Anja Soderstrom: Okay. Thank you.
Dhrupad Trivedi: Yeah. I think it — yes, that’s why — yes, sorry. And that’s why when we say 80% to 82%, that’s reflective of accommodating that regional and product mix.
Anja Soderstrom: Okay. Thank you. And are you at all affected by tariffs in terms of the products?
Brian Becker: No, we will be. I mean once that’s locked in and we can expect what the impact will be, we’re absolutely not impervious to the impact of tariff hikes in different regions from a procurement perspective, and then I’m sure that will put pressure on sales price in other regions, but to be determined. I think as we always talk about over the last five years is these are headwinds that we anticipate and expect in our operating plan, and we always deploy countermeasures to overcome those to deliver the results you see.
Dhrupad Trivedi: And maybe specifically — yes. So, I was just going to add one thing and Brian can talk to it. But remember, right now, we are talking about three major regions, right? And if you recall, we had made the decision and we don’t have any exposure in China market, right? So that’s not something that we have deliberately made that decision. Obviously, we have business in Canada and Mexico, but it’s not as large as most other countries. So we will continue to monitor what the puts and takes are on those. But as Brian said, obviously, we don’t know what we don’t know yet.

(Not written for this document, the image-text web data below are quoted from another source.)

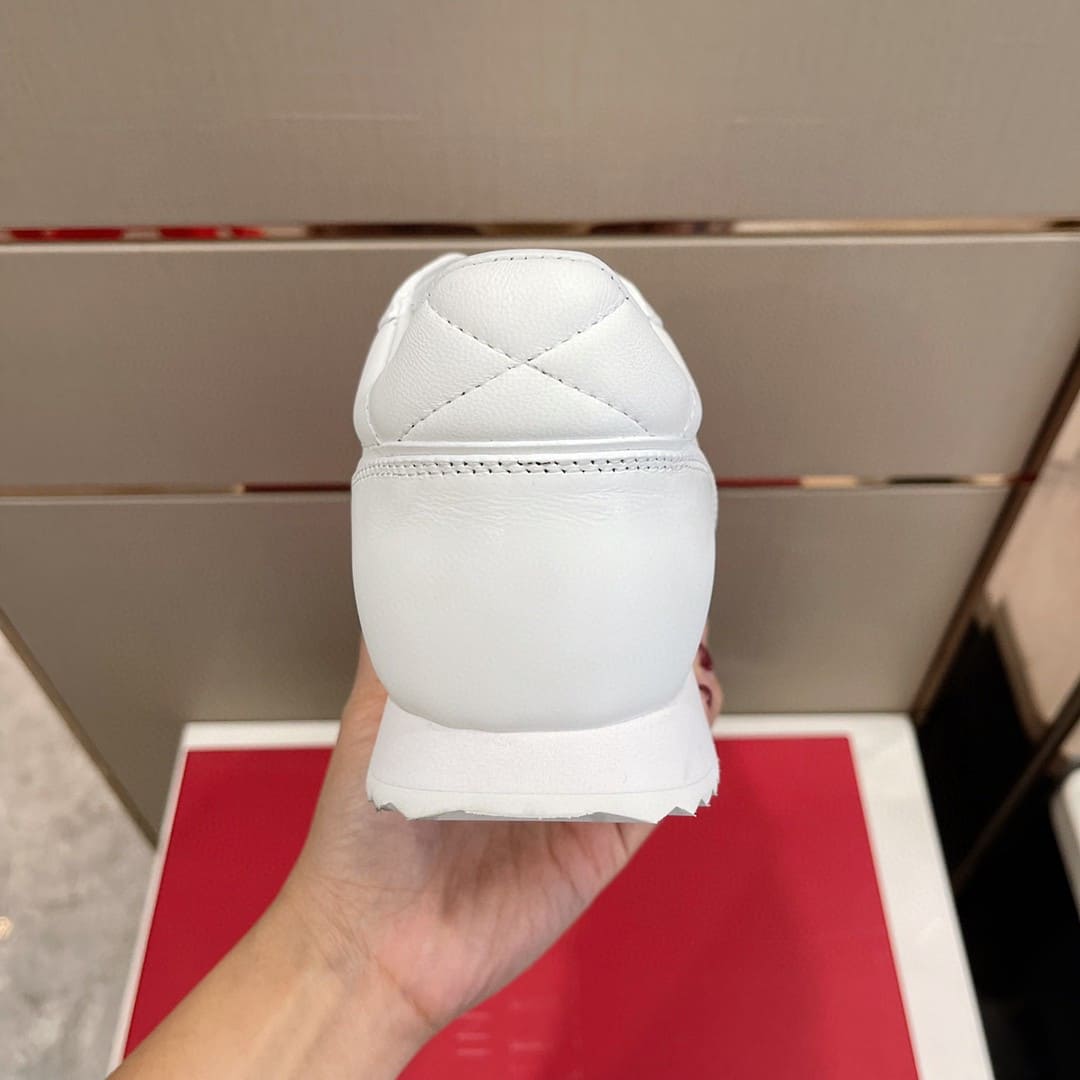 GIÀY VALENTINO GARAVANI SNEAKERS SHOES AAA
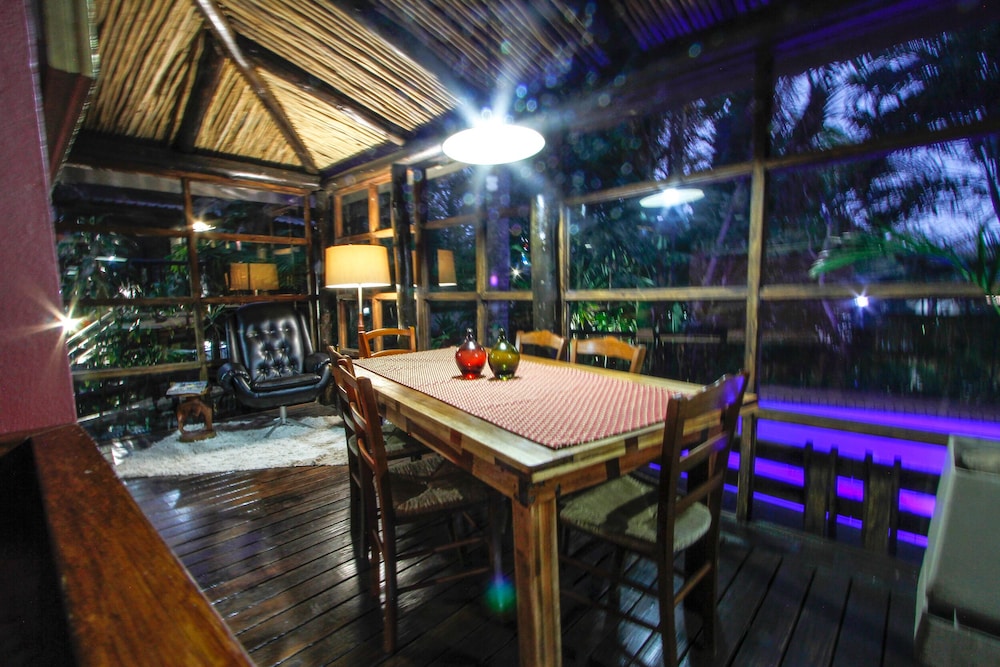 Umlilo Lodge 43/64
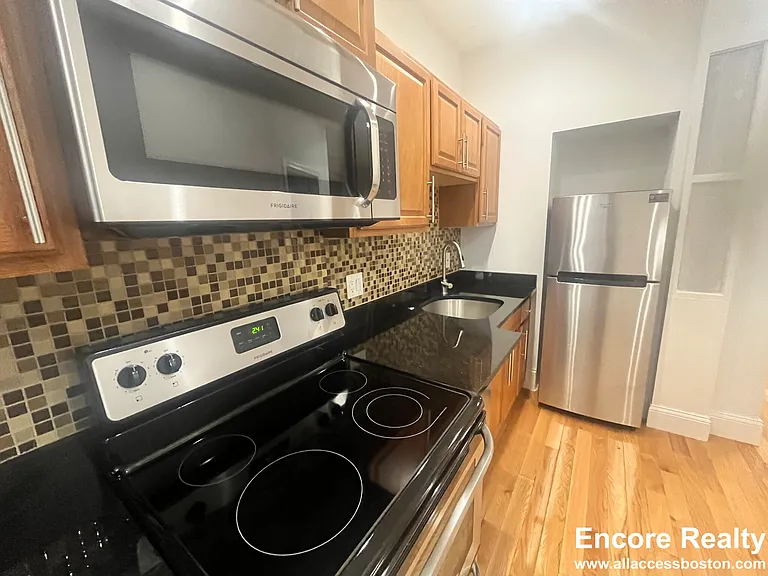 51 Joy St #1R — Photo 2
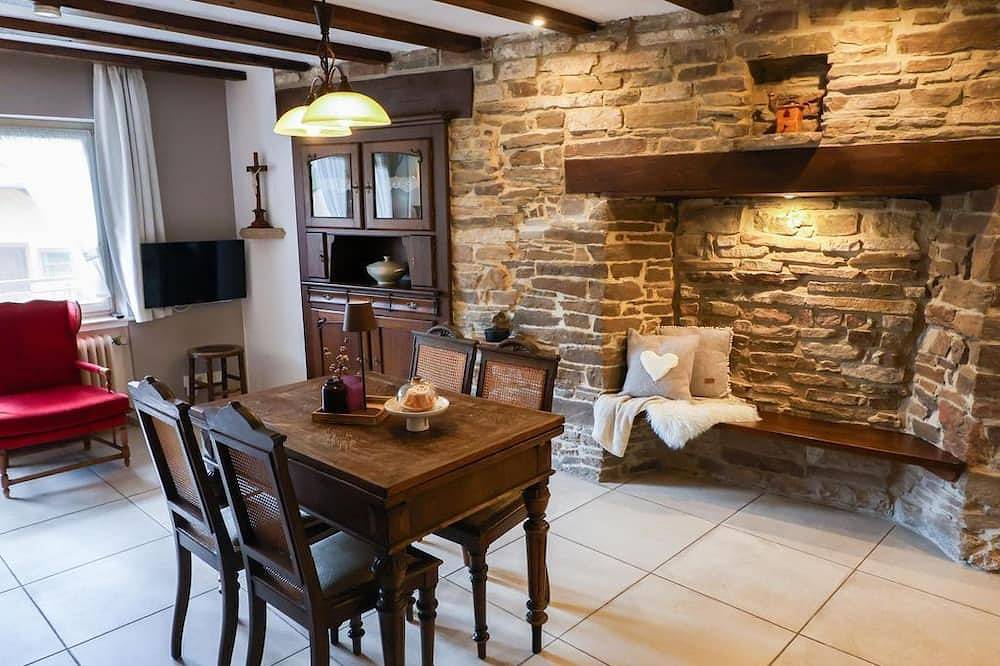 Ganze Wohnung, 3-Bett-Ferienwohnung, 2 Schlafräume (Pferdestall) - Ferienhof Mayischhof in Lauperath, Eifelkreis Bitburg-Prüm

Brian Becker: And I think to your follow-on question in terms of passing through those costs, I mean, it’s case-by-case basis. I mean we’re not — wholesale raise prices to overcome challenges. We typically deploy countermeasures internally to find cost savings that we can pass on to our customers. But yes, this won’t be an indicator of a price increase globally.
Anja Soderstrom: Okay. Thank you. And then within EMEA, you said that was doing well for you. But can you just talk about Europe specifically, what you see there?
Dhrupad Trivedi: Yeah. So I think when we talk about Europe, right, I think we typically internally look at it in three pieces. So there is core Europe, emerging, right, Europe and then Middle East. And I think when we see the business there, we saw our business in Europe continued to be pretty stable business in the Middle East is mixed across countries. So some countries are fine, some are not. But if you look at the core Europe and what you normally think of as northern parts of Europe, we continue to build our business pretty constantly over there. So we see that as good market for both service provider and enterprise growth.
Anja Soderstrom: Okay. And then just one last one in terms of strategic opportunities, how active are you looking for that? And have you seen any changes there in sort of the activities?
Dhrupad Trivedi: Yeah. So of course, I think as the market has changed and companies have gotten kind of rerated on multiples and things like that. We see a lot of inbound ideas as well as companies looking for a strategic fit. And so we are pretty actively looking at those. And as we said before, our focus is on things that accelerate our strategic goals around enterprise, security and things like that. And we’ll continue to look at them, but we are pretty actively involved with looking at product gap fills as well as technology as well as market expansion.
Anja Soderstrom: Okay. Thank you. That’s all from me.
Dhrupad Trivedi: Thank you, Anja.
Operator: Thank you. We have no further questions. So I’d like to turn the call back over to Dhrupad for any closing comments.
Dhrupad Trivedi: Thank you. Thank you all, and thanks to all our shareholders for joining us today and for your continued support. Thanks.